Es el fin de una época, con un fracaso más del proyecto de reformar la vida política italiana por parte del PCI y de sus sucesores. El peso de la Iglesia primero, vía democracia cristiana, y de los legados del fascismo después -liderazgo carismático por encima de la ley, política de orden pura y dura asentada en "la identidad nacional"- ha desembocado en una fórmula perversa pero eficaz de gobierno conservador basado en la legitimación permanente del poder desde el monopolio en el control de los medios, una demagogia agresiva y xenófoba, y puertas abiertas para los grandes intereses económicos y a sus formas de corrupción, con el propio jefe de gobierno a su cabeza. El imperio del conformismo, en una palabra.

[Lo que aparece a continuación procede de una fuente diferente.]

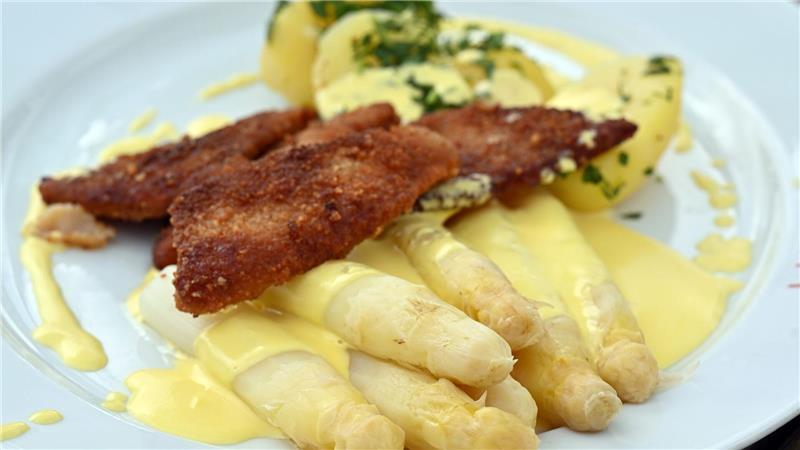Jeder Vierte mag keinen Spargel Diejenigen, die Spargel mögen, essen ihn am liebsten mit Sauce hollandaise (einer Soße, die ursprünglich nur aus Butter, Eigelb und einer Reduktion aus Weißwein besteht). (Archivbild)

A pesar del paralelismo que pudiera sugerir el paso por dos experiencias dictatoriales, la de Mussolini en Italia, la de Franco en España, la importancia de la penetración del fascismo en la sociedad italiana, con el complemento del catolicismo político, marca aún hoy la diferencia entre las respectivas derechas políticas. Aquí el cesarismo de Franco acotó el ámbito de poder de la Iglesia, bloqueó los proyectos de una transición autoritaria y se apoyó en el Ejército -amenazador tras su muerte pero desactivado por la reforma Serra- pero no se convirtió en un movimiento fascista de masas. Con su estado de excepción permanente, el franquismo protegió los intereses de las clases dominantes, pero al mismo tiempo dejó como herencia un vacío que la democracia vino a llenar. La reconstrucción de la derecha política fue así muy trabajosa y aún hoy no se encuentra consolidada, a pesar del éxito transitorio de Aznar. Las tensiones actuales son la mejor muestra de que la nostalgia del autoritarismo, reflejada en la conducta poselectoral de Rajoy y en unos estatutos del PP que obstaculizan una competencia abierta entre candidatos a su presidencia, no resuelve nada. El propio Aznar truncó la posibilidad de un liderazgo carismático y Ratzinger no cuenta aquí como en Italia. Sólo hay una salida, la mostrada sin primarias por el PSOE, cuando un congreso abierto del partido eligió a Zapatero. Toca a los dirigentes del PP reconocerlo.